A word-for-word transcription of all the data is required.

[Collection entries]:
[Start of Attachment]
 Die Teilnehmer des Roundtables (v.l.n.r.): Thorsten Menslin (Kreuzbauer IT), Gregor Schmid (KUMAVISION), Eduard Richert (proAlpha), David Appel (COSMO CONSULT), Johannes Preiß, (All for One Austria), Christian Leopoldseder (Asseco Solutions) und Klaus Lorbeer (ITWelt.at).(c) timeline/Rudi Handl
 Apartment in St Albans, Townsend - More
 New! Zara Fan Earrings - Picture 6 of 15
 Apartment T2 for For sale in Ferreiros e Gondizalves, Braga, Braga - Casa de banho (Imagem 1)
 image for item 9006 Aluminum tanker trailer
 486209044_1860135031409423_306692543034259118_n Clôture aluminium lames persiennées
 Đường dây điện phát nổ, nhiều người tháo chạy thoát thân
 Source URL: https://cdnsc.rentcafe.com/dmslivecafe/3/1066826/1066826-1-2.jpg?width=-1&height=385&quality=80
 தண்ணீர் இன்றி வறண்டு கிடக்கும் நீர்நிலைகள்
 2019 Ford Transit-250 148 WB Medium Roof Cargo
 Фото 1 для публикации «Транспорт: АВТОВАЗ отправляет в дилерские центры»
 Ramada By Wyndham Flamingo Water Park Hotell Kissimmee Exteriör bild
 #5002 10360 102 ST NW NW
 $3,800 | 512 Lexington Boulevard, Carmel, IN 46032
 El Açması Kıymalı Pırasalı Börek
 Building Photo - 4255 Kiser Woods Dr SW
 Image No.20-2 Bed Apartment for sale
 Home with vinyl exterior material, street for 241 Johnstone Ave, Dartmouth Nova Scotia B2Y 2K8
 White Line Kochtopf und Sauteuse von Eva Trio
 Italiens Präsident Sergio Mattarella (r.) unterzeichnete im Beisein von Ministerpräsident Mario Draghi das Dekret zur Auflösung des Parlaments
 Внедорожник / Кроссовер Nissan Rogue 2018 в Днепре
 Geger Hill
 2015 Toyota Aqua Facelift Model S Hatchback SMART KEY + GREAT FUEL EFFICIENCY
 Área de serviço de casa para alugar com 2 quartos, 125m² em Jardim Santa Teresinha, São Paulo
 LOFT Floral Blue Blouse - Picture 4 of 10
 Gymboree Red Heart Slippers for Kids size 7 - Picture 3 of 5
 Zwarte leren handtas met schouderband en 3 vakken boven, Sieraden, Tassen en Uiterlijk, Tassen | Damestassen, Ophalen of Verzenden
[End of Attachment]
[Response to the task]:
 Die Teilnehmer des Roundtables (v.l.n.r.): Thorsten Menslin (Kreuzbauer IT), Gregor Schmid (KUMAVISION), Eduard Richert (proAlpha), David Appel (COSMO CONSULT), Johannes Preiß, (All for One Austria), Christian Leopoldseder (Asseco Solutions) und Klaus Lorbeer (ITWelt.at).(c) timeline/Rudi Handl
 Apartment in St Albans, Townsend - More
 New! Zara Fan Earrings - Picture 6 of 15
 Apartment T2 for For sale in Ferreiros e Gondizalves, Braga, Braga - Casa de banho (Imagem 1)
 image for item 9006 Aluminum tanker trailer
 486209044_1860135031409423_306692543034259118_n Clôture aluminium lames persiennées
 Đường dây điện phát nổ, nhiều người tháo chạy thoát thân
 Source URL: https://cdnsc.rentcafe.com/dmslivecafe/3/1066826/1066826-1-2.jpg?width=-1&height=385&quality=80
 தண்ணீர் இன்றி வறண்டு கிடக்கும் நீர்நிலைகள்
 2019 Ford Transit-250 148 WB Medium Roof Cargo
 Фото 1 для публикации «Транспорт: АВТОВАЗ отправляет в дилерские центры»
 Ramada By Wyndham Flamingo Water Park Hotell Kissimmee Exteriör bild
 #5002 10360 102 ST NW NW
 $3,800 | 512 Lexington Boulevard, Carmel, IN 46032
 El Açması Kıymalı Pırasalı Börek
 Building Photo - 4255 Kiser Woods Dr SW
 Image No.20-2 Bed Apartment for sale
 Home with vinyl exterior material, street for 241 Johnstone Ave, Dartmouth Nova Scotia B2Y 2K8
 White Line Kochtopf und Sauteuse von Eva Trio
 Italiens Präsident Sergio Mattarella (r.) unterzeichnete im Beisein von Ministerpräsident Mario Draghi das Dekret zur Auflösung des Parlaments
 Внедорожник / Кроссовер Nissan Rogue 2018 в Днепре
 Geger Hill
 2015 Toyota Aqua Facelift Model S Hatchback SMART KEY + GREAT FUEL EFFICIENCY
 Área de serviço de casa para alugar com 2 quartos, 125m² em Jardim Santa Teresinha, São Paulo
 LOFT Floral Blue Blouse - Picture 4 of 10
 Gymboree Red Heart Slippers for Kids size 7 - Picture 3 of 5
 Zwarte leren handtas met schouderband en 3 vakken boven, Sieraden, Tassen en Uiterlijk, Tassen | Damestassen, Ophalen of Verzenden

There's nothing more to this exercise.